Parte deste pressuposto a argumentação desenvolvida no requerimento, que conflui para a conclusão de

que é ainda o princípio da legalidade criminal que demanda «que o legislador forneça ao médico interveniente

no procedimento um quadro legislativo minimamente seguro que possa guiar a sua atuação» (cfr. o ponto 8.º).

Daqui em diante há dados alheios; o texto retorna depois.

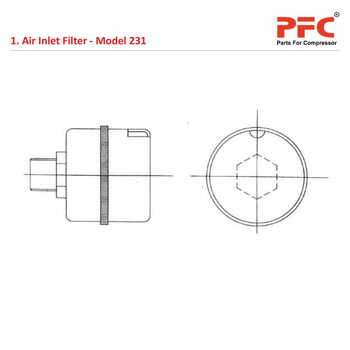Air Inlet Filter IR 231 Air Compressor Parts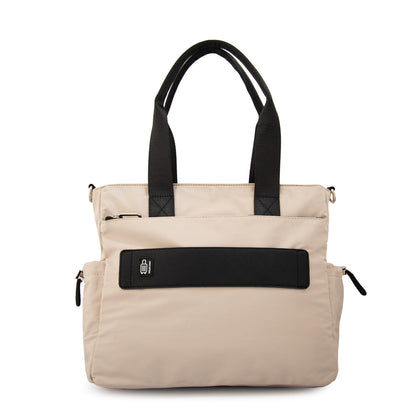 Cartera Dos Asas Elina Blanco Crudo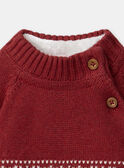 Burgundy PULLOVER LASIXON / 24H1BGR1PUL501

Mas, não se vê que esta exigência possa, sem mais, ser reconduzida ao princípio da legalidade da

intervenção penal do Estado. A indeterminação conceitual, quando aplicada a qualquer condição de exclusão

da responsabilidade jurídico-penal, tende a alargar – e não a restringir – as possibilidades de, em concreto, um

comportamento não ser punido. Nessa medida, agirá, em regra, a favor de uma maior proteção dos cidadãos

contra a atuação punitiva do Estado – ainda que aja em prejuízo da tutela penal dos bens jurídicos em

questão.

Se a indeterminação conceitual criticada pelo requerente deve ser, na verdade, censurada, não na medida

em que desprotege os destinatários da norma incriminadora – isto é, por aquilo em que compromete a

possibilidade de compreensão e controlo pelos potenciais agentes do crime do desvalor que continua a

expressar-se no tipo legal –, mas, primacialmente, os bens jurídicos que nela se tutelam, então o juízo

reclamará a convocação do princípio da determinabilidade das leis – não já (ou, pelo menos, principalmente)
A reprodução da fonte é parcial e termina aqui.